(Exercise objective): For this exercise, retype each line of the material below verbatim and omit any picture.

━━━ Dataset excerpt

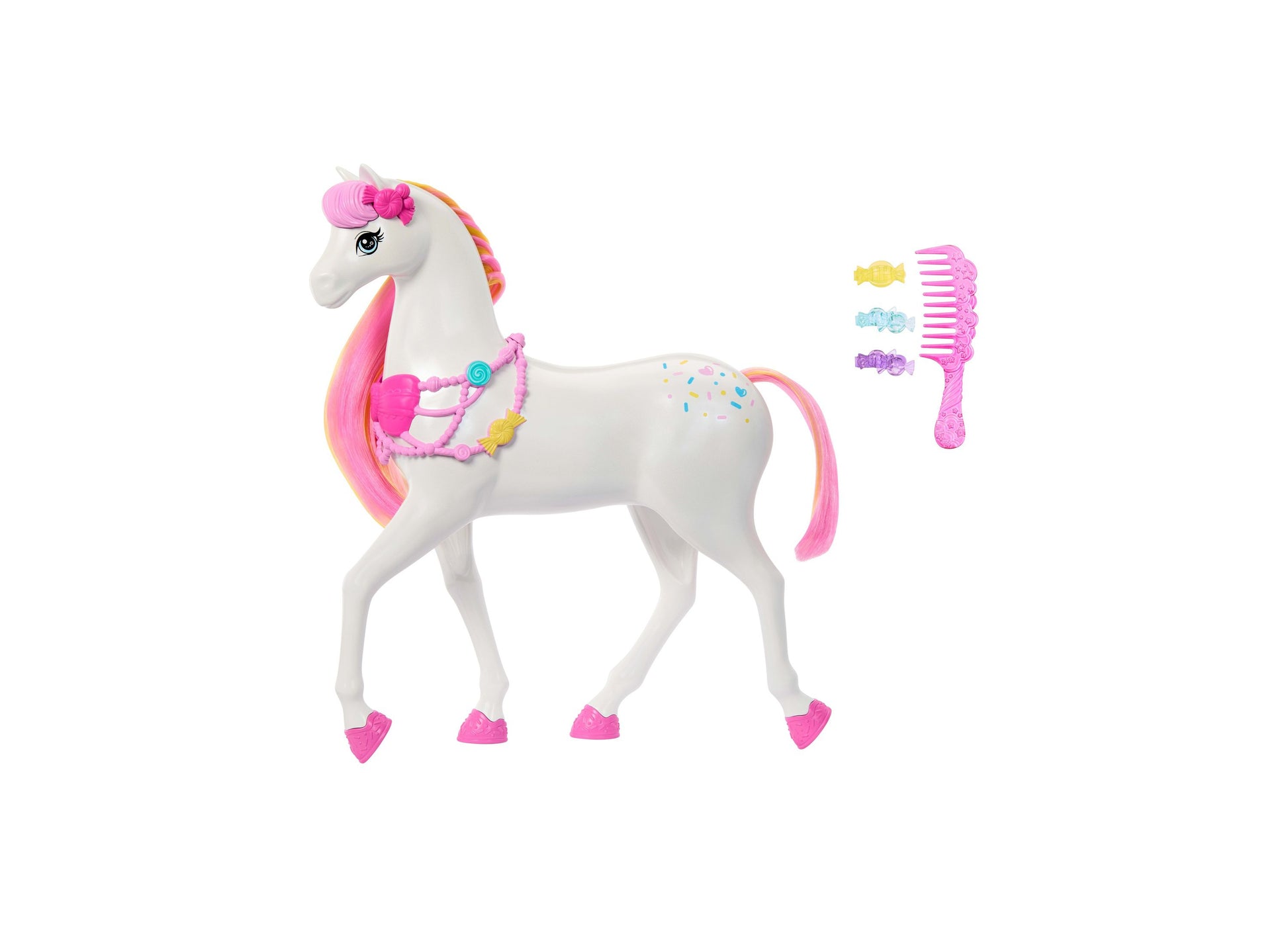 Barbie Nutcracker Land of Sweets white horse with pink mane, accessories, and comb playset
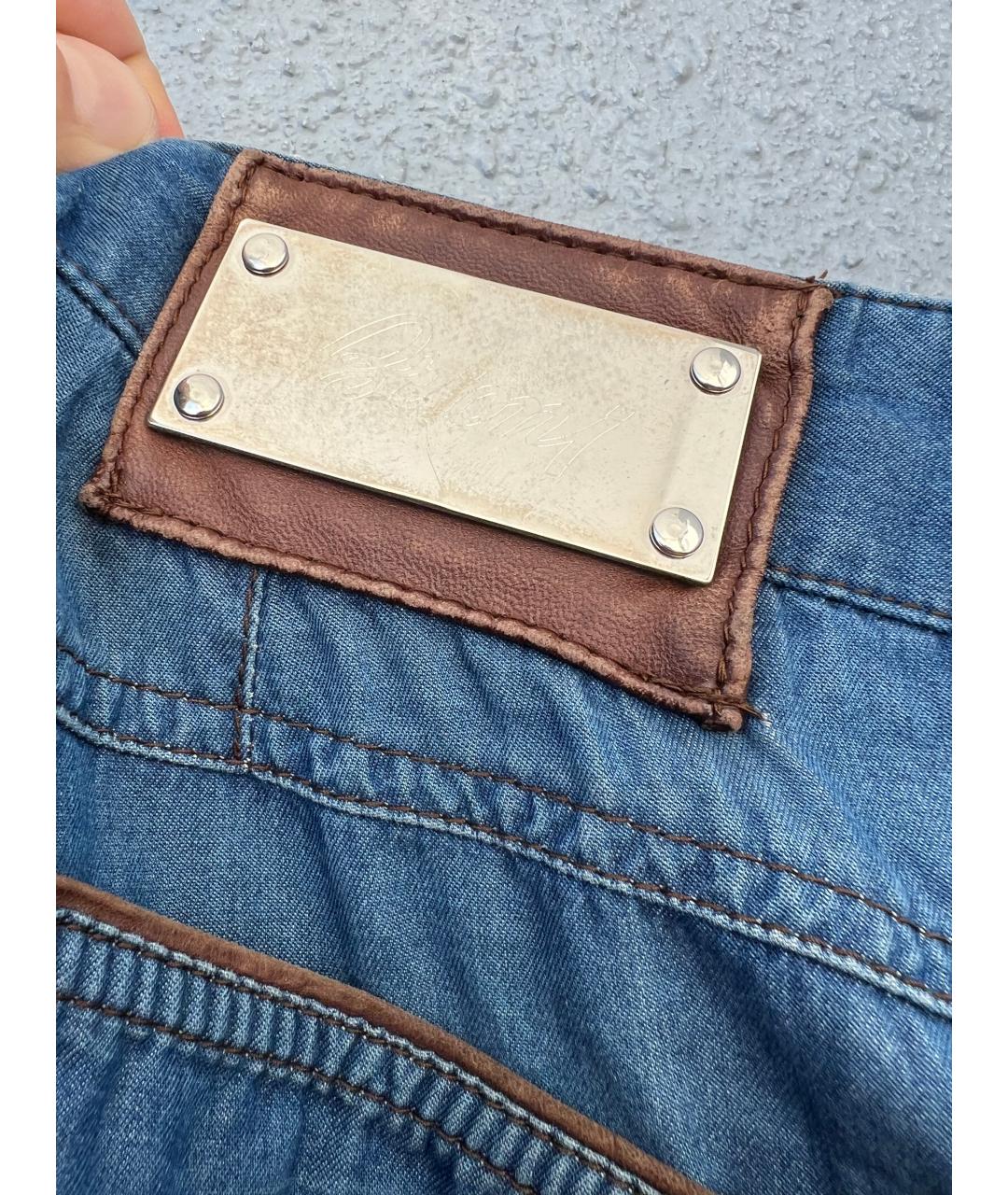 BRIONI Синие хлопковые прямые джинсы, фото 4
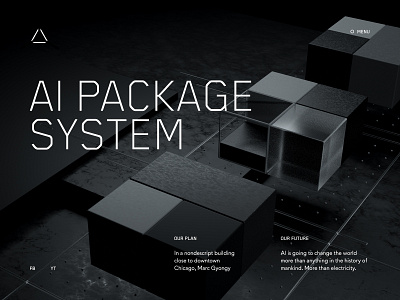 AI Package System ai cinema4d class course future grid interaction logistics minimalistic online package render typogaphy ui webdesign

━━━━━━

(Answer space):
 Barbie Nutcracker Land of Sweets white horse with pink mane, accessories, and comb playset
 BRIONI Синие хлопковые прямые джинсы, фото 4
 AI Package System ai cinema4d class course future grid interaction logistics minimalistic online package render typogaphy ui webdesign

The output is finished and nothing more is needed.